Ketika pukulan Xion hampir mengenai Ard, Willy menerima pukulan Xion hingga mengejutkan mereka. Xion sangat tak menyangka, karena Willy begitu nekat dalam melindungi Ard. Pukulan kuat dari Xion, mampu membuat wajah Willy memar dan hidungnya mengeluarkan darah.

"Hei. Bisa, kita hentikan ini?" tanya Willy sembari tersenyum lebar.

"Kau ... Jangan bercanda!" bantah Xion dengan kesal sembari kembali menyingkirkan Willy dari hadapannya.

"Hentikan, Gorila!" tegur Ard sembari memukul kepala Xion dari atas dengan kuat dan cepat.

Seketika, Xion tumbang dan tak bereaksi seusai mendapati pukulan Ard. Willy yang melihatnya, kembali terkejut karena Ard mampu melakukan pukulan sekuat itu.

"Mati, kah?" tanya Willy dengan ekspresi lugu.

"Tak mungkin lah, tolol! Justru tanganku yang mati rasa karena kepalanya sangat keras!" bantah Ard sembari mengayunkan tangan kanannya yang menggantung di udara.

Kala itu, mereka meyakini bahwa Xion pingsan karena pukulan Ard. Lima menit kemudian, Willy membawa ember berisi air dan memberikannya pada Ard. Ketika berbalik dan menyiramkannya ke Xion, Ard dan Willy terkejut karena Xion sudah sadar lebih dulu. Seusai mendapati momen tersebut, Xion menatap sinis pada Ard, sedangkan Ard terdiam kaku karena sudah membuat Xion basah kuyup.

Secara perlahan, Ard menaruh ember ke lantai dan menunjuk Willy, serta mengungkapkan bahwa Willy lah yang memiliki ide dalam menyadarkan Xion. Seketika, Willy terkejut dan ditinggal oleh Ard. Kemudian, Willy dikejutkan dengan bahu kanannya yang ditepuk dari belakang oleh Xion.

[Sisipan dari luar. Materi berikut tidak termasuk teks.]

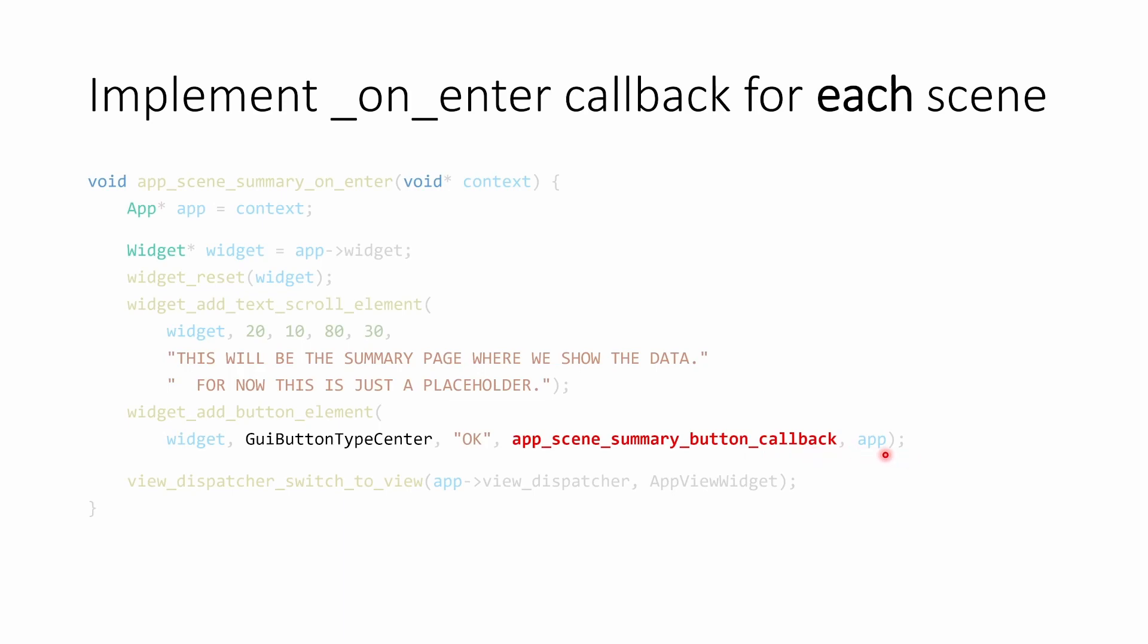Now that we've wired up our module in our scene, we're going to tell the view dispatcher to switch to the view. View dispatcher is our first parameter. And then the enum value that's associated with our module is the second parameter. At this point, the screen on the flipper will switch to show that module. So we would see the widget with this text scroll element and a button.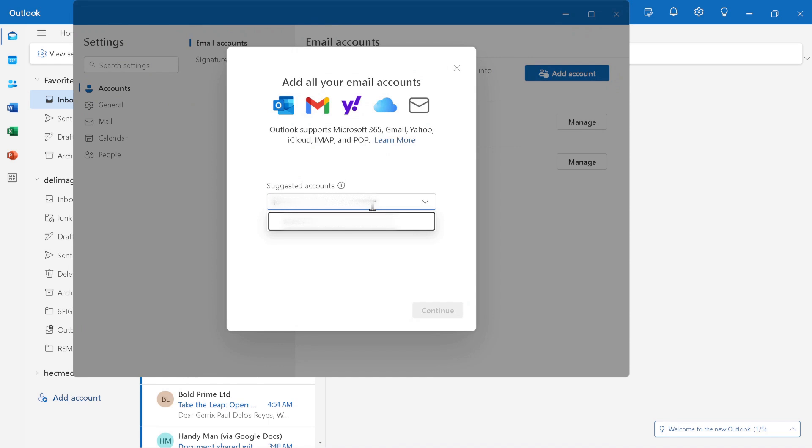It allows each account to be accessed independently, maintaining the segregation of your personal and work-related emails. Now, we're getting to the heart of the process.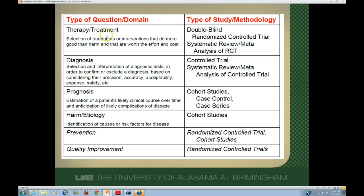For a therapy or treatment question, we'd really like to find randomized controlled trials and systematic reviews. For diagnosis, we'll hopefully have controlled trials, but sometimes we just have cross-sectional studies. For prognostic questions, we'll use observational studies like cohort and case-control studies. For harm or etiology type questions, we'll again have observational studies. For preventative or screening questions, we'll hopefully find randomized controlled trials. Thinking about the general area of your question — therapy, diagnosis, etc. — can help you find the resource that will best answer it.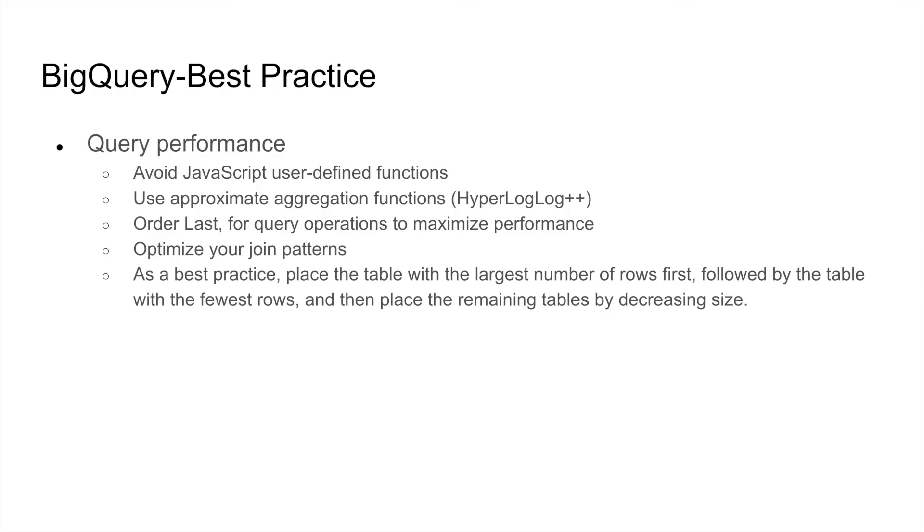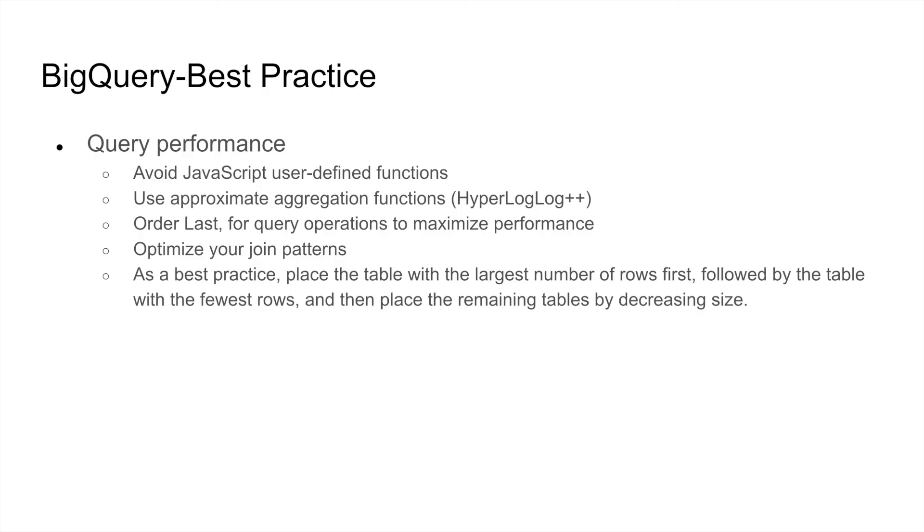You should optimize your join patterns. As a best practice, you should place the largest table as the first table, followed by tables with the fewest rows, and then place the remaining tables by decreasing size. The reason for this is that if you place the largest table as the first one, it will get distributed evenly, whereas the second table would be actually broadcasted to all the nodes. We will see in detail how BigQuery internally handles queries, and that might make it more clear to you.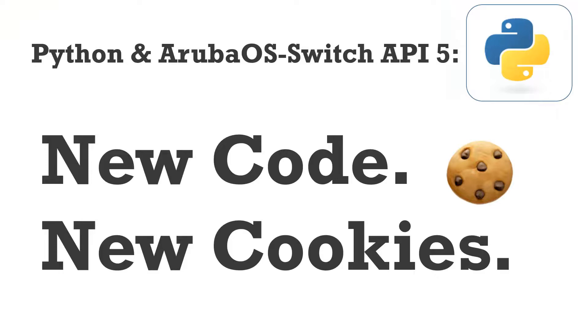Hello, this is Joe Neville and welcome to another Python and Aruba OS Switch API video.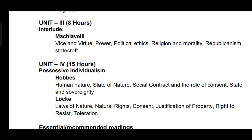The last and final unit, Unit 4, is Possessive Individualism, which focuses on the works of Thomas Hobbes and John Locke. Hobbes discusses human nature, the state of nature, the social contract, consent and the role of the state and sovereignty. Locke's ideas cover the laws of nature, natural rights, consent, the justification of property, the right to resist and toleration.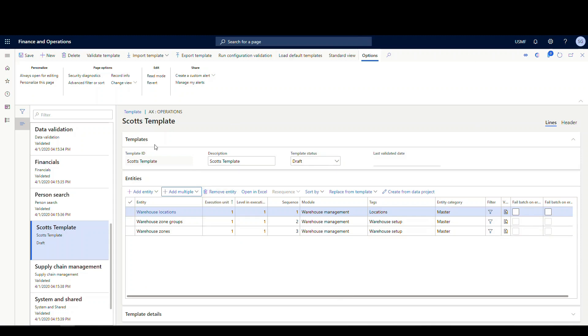So before you can use the template, what you need to do is you need to validate it. So go ahead and validate template, it'll be validated. At this point, we can use it.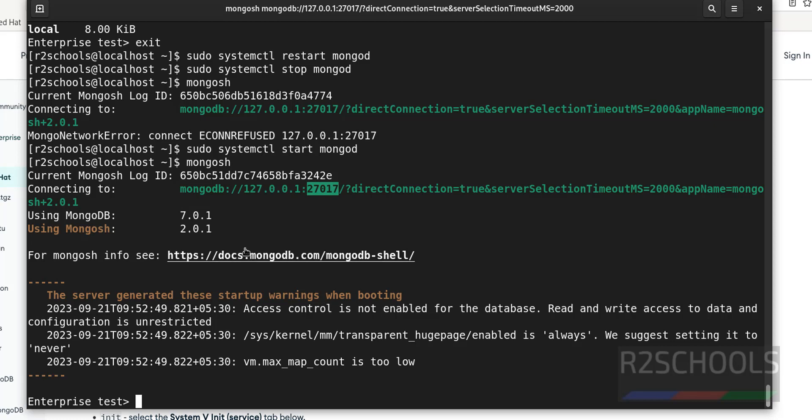So in this video, we have seen how to install and configure MongoDB on Red Hat Enterprise Linux 9, and the version of MongoDB we have installed is MongoDB Enterprise 7. So all done. For more MongoDB videos, please subscribe to my channel. Thank you.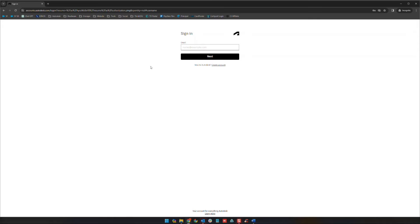Hello and welcome to our first video for our module tour series on the Autodesk Construction Cloud. This first video is going to be just a very basic one about how best to access the Autodesk Construction Cloud, and following this video we'll be pointing out some other videos that will dive into the various modules.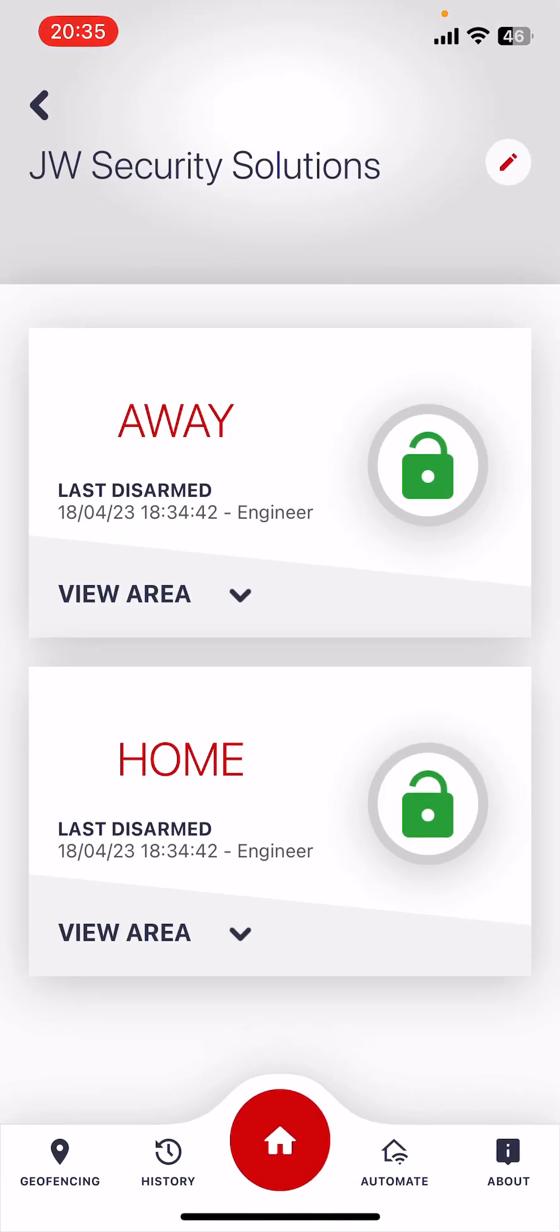If you put the details in correctly you should now see your system with any areas whether they're armed or disarmed. If for any reason it fails to connect sometimes it says check internet connection. It may not be the internet connection if you actually put the wrong password and you'll get a similar message as well. So just make sure you change those details. And that's it. Thanks for watching.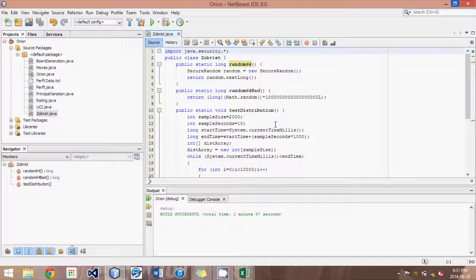Hey guys, this is Logic Crazy, and I'm Jonathan, and welcome to yet another advanced Java Chess Engine tutorial. In this tutorial, we're going to be learning about random number generators and how to figure out if your generator is a good one or a bad one — basically, if it is distributed properly or not. The random number generator is required for Zobrist keys, which are required for transposition tables, which help with our search method, whether it be alpha-beta or, as we're using, the principal variation search. So one of the core fundamental building blocks of a search engine is a truly random number generator.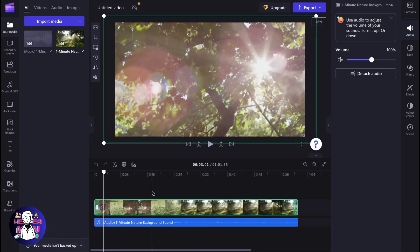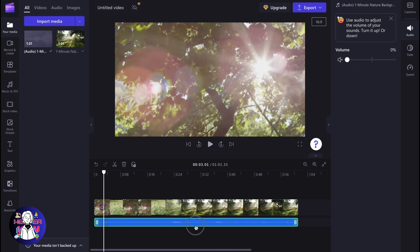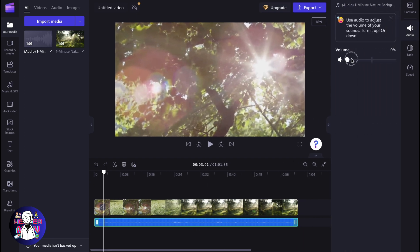So now video doesn't contain any audio or music inside. And what can we do next? We can simply select our audio on the timeline and then just increase or decrease, in our case, the volume. So if you click, we can go to audio and then just decrease the volume.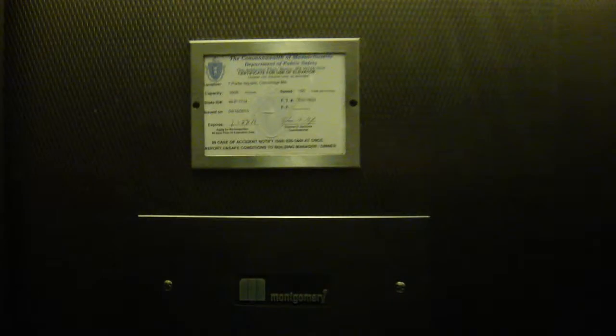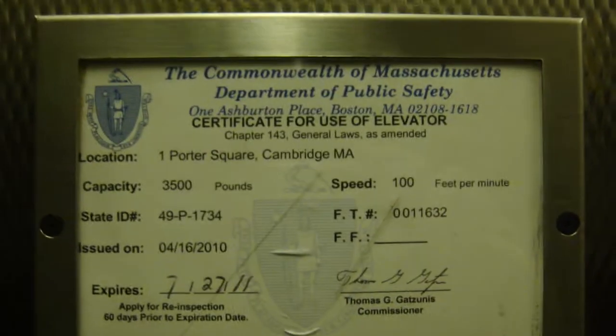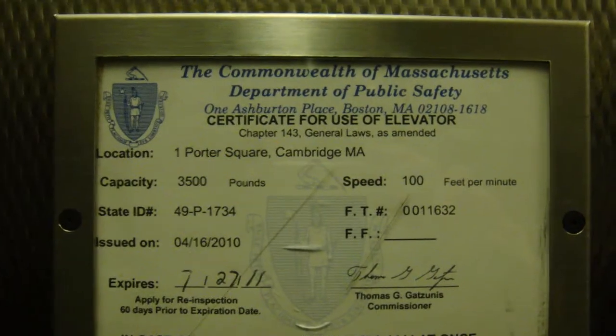This is the elevator in the Porter Square Galleria, in Porter Square, of course, Cambridge.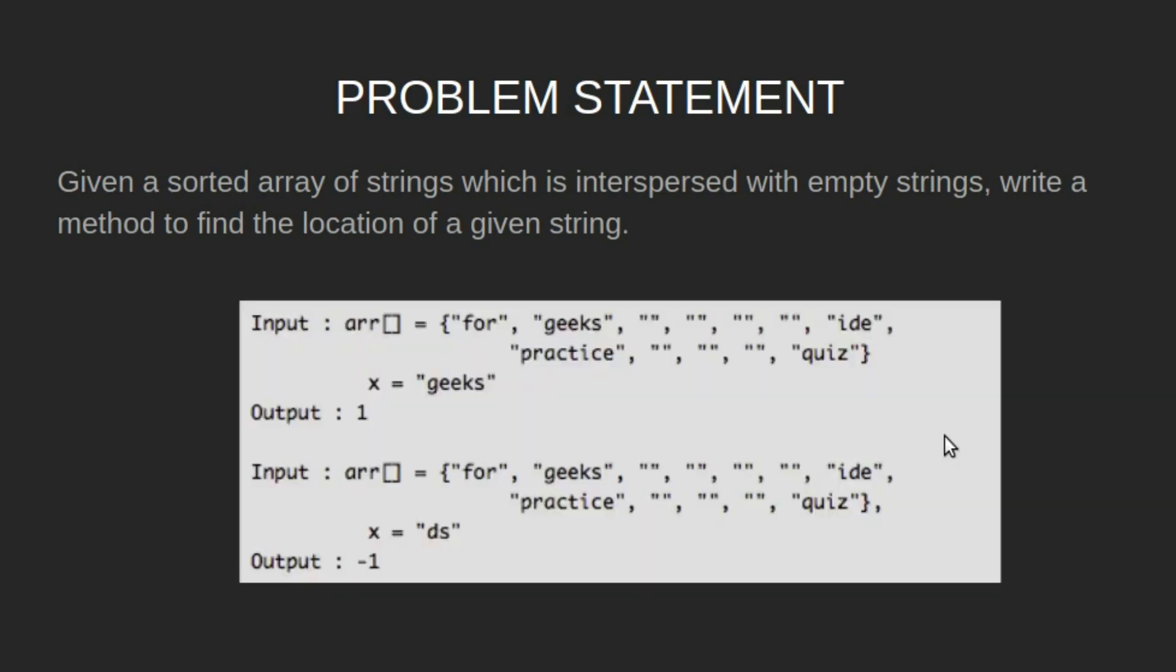For example, for the given array, the word 'geeks' is present at first position as per zero-based indexing. In this array, the word 'ds' is not found, so we output minus one.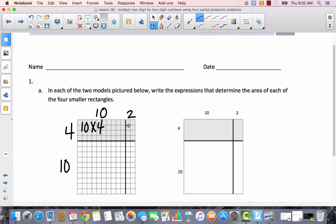This would be 2 times 4. Remember, an expression is whenever you write a multiplication or any kind of math problem but you don't necessarily put the answer — you just write like 10 times 4. So then this would be 10 times 10, and this would be 10 times 2.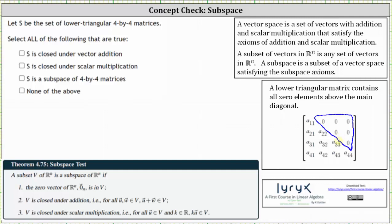For this problem, we want to determine if the subset S is a subspace of the vector space containing all four by four matrices. To do this, we need to see if the subset satisfies the subspace axioms: the zero vector of Rn is in V, V is closed under addition, and V is closed under scalar multiplication.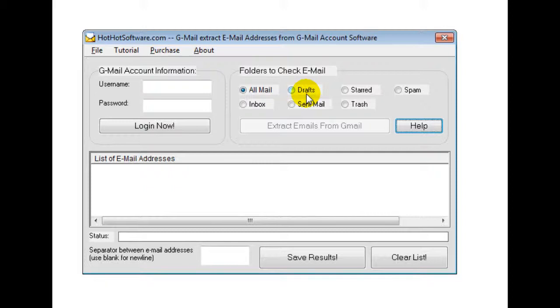So this is a really useful software application because that allows you to easily create a newsletter and you can contact clients and say, hey, guess what? This is what I'm doing. Here's a new product offering.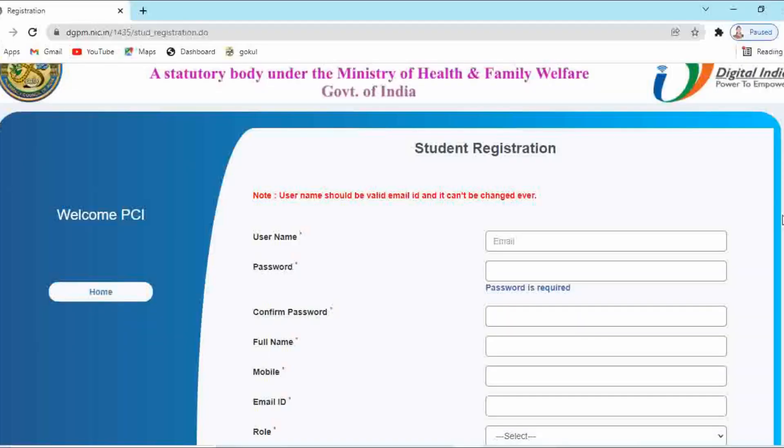Hello dear students, being a pharmacy student it is required to do the student registration at PCI portal. So today we will discuss how to do the student registration at PCI portal.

Sembari menatap tajam, Xion menanyakan Willy perihal air yang ia gunakan untuk menyiramnya. Dengan perasaan penuh ketakutan, Willy mengungkapkan bahwa air yang ia gunakan, berasal dari ember pel lantai.

*DZIG!*

"Bagaimana? Sudah dipukul?" tanya Ard dari balik pintu atap, dengan ekspresi seolah tak berdosa.

"Sudah. Selanjutnya kelerengmu," balas Xion sembari membunyikan kepalan tangan.

Sembari tersenyum tipis, Ard mendekati mereka dan menanyakan Xion perihal permasalahannya, yang bersikeras mengincar Ard. Sembari menatap tajam, Xion meminta Ard untuk memasang pendengarannya sebaik mungkin.